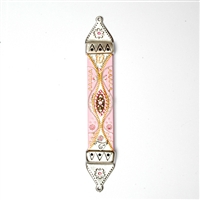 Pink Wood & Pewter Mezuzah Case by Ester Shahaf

______________________________

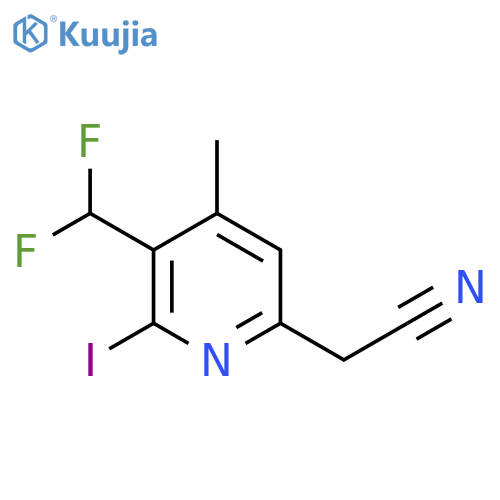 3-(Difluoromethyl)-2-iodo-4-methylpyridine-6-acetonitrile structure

______________________________

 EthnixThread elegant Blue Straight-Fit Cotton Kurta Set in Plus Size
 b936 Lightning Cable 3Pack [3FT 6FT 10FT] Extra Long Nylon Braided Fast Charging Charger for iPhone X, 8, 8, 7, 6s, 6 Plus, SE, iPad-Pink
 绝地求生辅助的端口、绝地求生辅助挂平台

______________________________

### The problem
Search the listing above for the string "Plus" and copy each line that has it.

### Exercise solution
 EthnixThread elegant Blue Straight-Fit Cotton Kurta Set in Plus Size
 b936 Lightning Cable 3Pack [3FT 6FT 10FT] Extra Long Nylon Braided Fast Charging Charger for iPhone X, 8, 8, 7, 6s, 6 Plus, SE, iPad-Pink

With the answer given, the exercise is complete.